> Exercise details
Beginning with the first line of the data below, set down each line exactly through the line that contains "Caterpillar 980G Series".

----- Records for the exercise -----

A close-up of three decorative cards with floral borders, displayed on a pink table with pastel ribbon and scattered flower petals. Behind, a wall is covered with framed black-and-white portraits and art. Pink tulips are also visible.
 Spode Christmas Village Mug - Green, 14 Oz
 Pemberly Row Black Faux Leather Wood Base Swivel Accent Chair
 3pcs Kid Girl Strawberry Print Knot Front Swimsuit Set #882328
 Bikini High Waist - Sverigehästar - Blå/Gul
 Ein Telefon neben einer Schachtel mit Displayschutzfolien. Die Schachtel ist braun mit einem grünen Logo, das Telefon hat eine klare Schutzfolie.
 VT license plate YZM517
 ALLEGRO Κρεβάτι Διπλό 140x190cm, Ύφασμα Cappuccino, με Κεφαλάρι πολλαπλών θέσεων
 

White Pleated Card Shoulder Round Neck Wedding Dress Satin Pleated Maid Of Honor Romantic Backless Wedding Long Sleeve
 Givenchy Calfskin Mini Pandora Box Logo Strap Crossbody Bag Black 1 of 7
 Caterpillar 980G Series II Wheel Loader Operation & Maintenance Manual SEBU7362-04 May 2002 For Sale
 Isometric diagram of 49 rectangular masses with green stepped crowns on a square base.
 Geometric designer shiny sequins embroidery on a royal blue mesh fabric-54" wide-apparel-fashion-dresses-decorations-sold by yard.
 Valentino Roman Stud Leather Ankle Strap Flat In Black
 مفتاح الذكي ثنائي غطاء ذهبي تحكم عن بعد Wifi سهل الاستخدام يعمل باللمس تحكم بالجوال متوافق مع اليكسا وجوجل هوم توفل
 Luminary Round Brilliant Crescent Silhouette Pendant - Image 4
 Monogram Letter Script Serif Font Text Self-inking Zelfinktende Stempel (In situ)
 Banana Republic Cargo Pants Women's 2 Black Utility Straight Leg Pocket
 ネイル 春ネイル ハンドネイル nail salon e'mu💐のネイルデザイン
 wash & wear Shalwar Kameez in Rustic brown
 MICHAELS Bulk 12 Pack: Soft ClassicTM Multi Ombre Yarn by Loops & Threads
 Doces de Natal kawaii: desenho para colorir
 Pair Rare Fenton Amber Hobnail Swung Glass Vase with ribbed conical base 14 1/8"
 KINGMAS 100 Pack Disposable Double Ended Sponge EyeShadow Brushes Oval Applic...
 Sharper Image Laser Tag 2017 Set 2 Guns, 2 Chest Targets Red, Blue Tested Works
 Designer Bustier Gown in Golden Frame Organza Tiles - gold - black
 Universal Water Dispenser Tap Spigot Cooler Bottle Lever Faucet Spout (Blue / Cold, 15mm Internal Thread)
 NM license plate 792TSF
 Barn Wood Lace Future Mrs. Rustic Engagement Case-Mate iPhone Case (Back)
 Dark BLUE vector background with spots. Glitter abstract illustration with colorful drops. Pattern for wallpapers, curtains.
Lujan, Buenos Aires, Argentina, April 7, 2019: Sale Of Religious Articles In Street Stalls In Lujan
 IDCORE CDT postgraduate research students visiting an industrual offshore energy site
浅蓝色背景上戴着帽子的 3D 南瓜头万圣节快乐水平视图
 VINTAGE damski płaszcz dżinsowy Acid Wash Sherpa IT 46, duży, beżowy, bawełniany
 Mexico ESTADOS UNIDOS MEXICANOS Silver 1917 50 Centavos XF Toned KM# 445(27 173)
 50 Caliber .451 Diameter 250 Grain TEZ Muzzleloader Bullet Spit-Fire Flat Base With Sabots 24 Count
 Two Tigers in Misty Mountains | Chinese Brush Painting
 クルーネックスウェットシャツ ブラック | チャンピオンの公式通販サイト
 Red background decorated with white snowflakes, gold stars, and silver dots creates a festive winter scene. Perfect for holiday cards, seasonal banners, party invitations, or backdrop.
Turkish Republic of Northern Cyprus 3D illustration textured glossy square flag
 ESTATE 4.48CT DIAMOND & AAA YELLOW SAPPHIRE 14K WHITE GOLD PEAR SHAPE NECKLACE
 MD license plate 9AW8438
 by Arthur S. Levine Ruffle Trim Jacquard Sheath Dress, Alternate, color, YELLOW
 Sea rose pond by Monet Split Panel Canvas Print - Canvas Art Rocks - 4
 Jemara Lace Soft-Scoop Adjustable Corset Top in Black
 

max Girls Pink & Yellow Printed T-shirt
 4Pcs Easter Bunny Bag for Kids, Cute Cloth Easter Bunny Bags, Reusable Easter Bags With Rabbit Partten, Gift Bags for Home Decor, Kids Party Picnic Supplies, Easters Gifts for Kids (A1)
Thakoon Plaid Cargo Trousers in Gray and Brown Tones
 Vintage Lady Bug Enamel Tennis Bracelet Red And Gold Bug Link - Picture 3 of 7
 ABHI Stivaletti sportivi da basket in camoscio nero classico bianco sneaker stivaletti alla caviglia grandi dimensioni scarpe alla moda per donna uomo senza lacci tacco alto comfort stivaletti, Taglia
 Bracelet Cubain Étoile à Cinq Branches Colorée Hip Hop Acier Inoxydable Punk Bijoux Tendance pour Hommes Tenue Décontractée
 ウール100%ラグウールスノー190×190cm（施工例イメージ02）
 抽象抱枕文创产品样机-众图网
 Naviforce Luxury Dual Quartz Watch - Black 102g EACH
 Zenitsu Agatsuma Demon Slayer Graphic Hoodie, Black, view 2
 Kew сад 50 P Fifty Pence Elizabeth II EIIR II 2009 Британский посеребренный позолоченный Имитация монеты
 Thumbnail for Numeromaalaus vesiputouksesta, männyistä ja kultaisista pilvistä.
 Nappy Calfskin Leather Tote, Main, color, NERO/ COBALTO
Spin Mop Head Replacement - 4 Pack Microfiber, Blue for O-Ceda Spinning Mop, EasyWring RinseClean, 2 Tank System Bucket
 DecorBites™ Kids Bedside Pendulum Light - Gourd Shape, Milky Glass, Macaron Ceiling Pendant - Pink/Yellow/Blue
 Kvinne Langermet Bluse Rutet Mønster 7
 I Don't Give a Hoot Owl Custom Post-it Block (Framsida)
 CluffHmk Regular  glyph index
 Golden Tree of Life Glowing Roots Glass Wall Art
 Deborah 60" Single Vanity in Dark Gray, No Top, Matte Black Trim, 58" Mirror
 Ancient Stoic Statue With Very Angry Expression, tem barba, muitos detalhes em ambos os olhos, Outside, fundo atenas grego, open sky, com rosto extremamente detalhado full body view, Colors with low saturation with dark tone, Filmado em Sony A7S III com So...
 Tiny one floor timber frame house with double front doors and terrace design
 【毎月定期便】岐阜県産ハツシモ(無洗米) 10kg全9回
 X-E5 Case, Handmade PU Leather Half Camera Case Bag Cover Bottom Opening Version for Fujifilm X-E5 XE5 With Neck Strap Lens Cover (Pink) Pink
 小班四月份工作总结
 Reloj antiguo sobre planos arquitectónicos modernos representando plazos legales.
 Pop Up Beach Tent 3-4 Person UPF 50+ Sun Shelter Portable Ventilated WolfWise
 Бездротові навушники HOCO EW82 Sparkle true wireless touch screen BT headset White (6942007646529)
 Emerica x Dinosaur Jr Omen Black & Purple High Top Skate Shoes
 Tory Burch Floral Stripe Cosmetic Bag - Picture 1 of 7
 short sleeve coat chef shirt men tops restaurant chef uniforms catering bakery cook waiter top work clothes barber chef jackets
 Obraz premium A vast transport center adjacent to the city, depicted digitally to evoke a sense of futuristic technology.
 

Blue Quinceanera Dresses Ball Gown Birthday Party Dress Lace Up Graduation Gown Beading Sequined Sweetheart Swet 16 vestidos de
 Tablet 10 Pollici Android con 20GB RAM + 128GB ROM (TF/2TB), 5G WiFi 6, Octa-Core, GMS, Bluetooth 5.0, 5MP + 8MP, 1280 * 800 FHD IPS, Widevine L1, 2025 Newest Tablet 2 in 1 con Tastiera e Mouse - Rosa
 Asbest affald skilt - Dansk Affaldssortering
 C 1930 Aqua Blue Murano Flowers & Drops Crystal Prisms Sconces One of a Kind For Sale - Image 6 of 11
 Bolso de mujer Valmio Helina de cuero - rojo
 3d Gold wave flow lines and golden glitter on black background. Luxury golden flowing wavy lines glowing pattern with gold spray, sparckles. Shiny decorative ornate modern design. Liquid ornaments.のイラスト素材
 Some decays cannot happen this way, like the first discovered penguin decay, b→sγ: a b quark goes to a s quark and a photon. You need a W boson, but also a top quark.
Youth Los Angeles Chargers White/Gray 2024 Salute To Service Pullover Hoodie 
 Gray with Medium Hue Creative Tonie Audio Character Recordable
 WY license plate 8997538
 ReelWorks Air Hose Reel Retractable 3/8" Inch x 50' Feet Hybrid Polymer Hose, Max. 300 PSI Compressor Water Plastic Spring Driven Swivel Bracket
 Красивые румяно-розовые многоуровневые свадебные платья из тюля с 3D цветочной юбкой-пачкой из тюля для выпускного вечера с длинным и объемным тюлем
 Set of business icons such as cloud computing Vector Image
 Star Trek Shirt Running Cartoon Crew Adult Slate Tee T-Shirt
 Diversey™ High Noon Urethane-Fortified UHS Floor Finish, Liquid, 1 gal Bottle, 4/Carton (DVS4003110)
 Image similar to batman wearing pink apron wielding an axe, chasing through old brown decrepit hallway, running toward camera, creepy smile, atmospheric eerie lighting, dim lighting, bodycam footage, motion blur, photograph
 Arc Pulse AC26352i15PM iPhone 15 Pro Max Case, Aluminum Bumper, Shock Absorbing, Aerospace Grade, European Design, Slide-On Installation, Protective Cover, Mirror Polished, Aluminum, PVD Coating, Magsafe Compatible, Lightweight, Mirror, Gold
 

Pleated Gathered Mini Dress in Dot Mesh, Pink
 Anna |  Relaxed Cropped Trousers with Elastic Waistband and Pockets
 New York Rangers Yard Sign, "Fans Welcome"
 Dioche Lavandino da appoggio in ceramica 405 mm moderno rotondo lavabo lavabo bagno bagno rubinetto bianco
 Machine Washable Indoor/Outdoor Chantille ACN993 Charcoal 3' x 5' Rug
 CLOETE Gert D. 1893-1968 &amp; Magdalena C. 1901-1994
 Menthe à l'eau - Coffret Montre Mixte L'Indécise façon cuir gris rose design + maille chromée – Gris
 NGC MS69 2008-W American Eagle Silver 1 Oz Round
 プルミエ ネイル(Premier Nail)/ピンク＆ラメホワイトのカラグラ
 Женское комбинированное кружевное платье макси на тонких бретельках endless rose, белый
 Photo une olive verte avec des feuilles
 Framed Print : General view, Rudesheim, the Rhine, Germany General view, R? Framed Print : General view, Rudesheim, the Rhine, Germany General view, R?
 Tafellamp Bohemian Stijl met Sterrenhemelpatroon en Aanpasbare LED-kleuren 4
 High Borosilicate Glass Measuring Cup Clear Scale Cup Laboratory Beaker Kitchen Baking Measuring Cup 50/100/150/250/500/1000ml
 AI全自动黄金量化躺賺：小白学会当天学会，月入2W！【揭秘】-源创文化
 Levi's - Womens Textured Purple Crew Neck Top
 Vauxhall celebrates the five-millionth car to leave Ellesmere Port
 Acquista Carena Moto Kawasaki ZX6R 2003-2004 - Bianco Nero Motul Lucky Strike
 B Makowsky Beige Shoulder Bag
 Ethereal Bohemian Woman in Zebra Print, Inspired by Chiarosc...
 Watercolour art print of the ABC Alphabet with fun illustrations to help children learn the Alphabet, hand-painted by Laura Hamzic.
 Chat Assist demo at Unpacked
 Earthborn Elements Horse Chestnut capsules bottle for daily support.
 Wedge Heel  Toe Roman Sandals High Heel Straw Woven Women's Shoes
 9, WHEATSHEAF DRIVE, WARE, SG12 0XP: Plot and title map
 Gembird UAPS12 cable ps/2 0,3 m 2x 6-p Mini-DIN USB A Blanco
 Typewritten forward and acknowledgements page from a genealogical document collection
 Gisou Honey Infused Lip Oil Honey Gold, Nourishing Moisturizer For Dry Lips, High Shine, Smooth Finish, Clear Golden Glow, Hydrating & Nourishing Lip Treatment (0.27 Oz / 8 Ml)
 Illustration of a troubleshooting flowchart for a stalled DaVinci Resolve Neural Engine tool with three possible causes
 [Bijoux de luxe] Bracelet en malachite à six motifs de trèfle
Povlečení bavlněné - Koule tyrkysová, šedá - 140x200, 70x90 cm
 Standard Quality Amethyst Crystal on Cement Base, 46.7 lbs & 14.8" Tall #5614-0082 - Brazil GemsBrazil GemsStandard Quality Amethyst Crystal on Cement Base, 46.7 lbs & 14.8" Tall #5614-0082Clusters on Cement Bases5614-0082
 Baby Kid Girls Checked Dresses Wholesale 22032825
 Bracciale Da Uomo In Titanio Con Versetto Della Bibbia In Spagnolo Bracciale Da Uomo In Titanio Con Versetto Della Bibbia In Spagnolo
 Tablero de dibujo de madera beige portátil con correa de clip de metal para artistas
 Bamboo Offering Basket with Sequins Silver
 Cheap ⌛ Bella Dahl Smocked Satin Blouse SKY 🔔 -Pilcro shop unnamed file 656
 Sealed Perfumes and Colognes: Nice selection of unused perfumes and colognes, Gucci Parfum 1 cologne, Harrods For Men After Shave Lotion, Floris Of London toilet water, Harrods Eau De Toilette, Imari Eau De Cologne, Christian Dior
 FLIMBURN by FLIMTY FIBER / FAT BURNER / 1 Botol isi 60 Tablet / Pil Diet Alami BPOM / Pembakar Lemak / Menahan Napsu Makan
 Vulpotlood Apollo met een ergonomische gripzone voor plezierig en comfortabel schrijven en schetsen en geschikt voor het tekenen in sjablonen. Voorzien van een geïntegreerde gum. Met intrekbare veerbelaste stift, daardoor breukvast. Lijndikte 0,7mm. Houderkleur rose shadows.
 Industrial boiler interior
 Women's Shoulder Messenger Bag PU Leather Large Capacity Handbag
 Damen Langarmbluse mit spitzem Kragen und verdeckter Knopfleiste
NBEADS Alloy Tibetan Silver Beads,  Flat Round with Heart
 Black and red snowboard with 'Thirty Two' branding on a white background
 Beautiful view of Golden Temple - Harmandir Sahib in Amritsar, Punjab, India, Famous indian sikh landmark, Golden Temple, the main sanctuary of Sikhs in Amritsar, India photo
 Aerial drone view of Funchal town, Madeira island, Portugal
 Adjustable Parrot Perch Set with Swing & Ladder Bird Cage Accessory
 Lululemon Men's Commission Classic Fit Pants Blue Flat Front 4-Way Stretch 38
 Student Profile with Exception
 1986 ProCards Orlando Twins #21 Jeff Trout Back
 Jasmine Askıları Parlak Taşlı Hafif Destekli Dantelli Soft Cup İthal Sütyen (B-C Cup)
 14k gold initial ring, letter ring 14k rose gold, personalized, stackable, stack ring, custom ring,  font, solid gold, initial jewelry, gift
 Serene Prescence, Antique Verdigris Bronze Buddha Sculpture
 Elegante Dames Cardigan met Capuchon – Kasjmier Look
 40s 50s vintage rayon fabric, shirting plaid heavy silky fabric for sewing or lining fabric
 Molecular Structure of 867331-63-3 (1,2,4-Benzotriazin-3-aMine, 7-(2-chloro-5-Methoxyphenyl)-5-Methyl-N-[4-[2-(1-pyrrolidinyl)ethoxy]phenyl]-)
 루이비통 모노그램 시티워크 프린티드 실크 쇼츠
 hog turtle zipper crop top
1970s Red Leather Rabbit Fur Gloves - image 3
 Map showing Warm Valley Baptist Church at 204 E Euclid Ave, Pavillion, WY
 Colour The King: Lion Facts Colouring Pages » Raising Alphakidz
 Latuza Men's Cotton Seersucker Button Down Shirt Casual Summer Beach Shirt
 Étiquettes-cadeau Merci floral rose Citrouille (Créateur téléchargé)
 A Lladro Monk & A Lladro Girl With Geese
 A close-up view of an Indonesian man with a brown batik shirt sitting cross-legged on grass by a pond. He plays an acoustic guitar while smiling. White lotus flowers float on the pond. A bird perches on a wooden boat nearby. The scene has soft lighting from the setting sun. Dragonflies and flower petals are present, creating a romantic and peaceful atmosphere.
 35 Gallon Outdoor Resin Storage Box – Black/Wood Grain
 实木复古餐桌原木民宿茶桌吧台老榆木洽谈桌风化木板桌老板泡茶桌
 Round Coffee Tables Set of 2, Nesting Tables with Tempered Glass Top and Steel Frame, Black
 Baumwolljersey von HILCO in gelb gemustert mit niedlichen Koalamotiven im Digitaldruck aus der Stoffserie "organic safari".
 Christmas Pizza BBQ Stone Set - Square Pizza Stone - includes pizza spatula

-----

> Task result
A close-up of three decorative cards with floral borders, displayed on a pink table with pastel ribbon and scattered flower petals. Behind, a wall is covered with framed black-and-white portraits and art. Pink tulips are also visible.
 Spode Christmas Village Mug - Green, 14 Oz
 Pemberly Row Black Faux Leather Wood Base Swivel Accent Chair
 3pcs Kid Girl Strawberry Print Knot Front Swimsuit Set #882328
 Bikini High Waist - Sverigehästar - Blå/Gul
 Ein Telefon neben einer Schachtel mit Displayschutzfolien. Die Schachtel ist braun mit einem grünen Logo, das Telefon hat eine klare Schutzfolie.
 VT license plate YZM517
 ALLEGRO Κρεβάτι Διπλό 140x190cm, Ύφασμα Cappuccino, με Κεφαλάρι πολλαπλών θέσεων
 

White Pleated Card Shoulder Round Neck Wedding Dress Satin Pleated Maid Of Honor Romantic Backless Wedding Long Sleeve
 Givenchy Calfskin Mini Pandora Box Logo Strap Crossbody Bag Black 1 of 7
 Caterpillar 980G Series II Wheel Loader Operation & Maintenance Manual SEBU7362-04 May 2002 For Sale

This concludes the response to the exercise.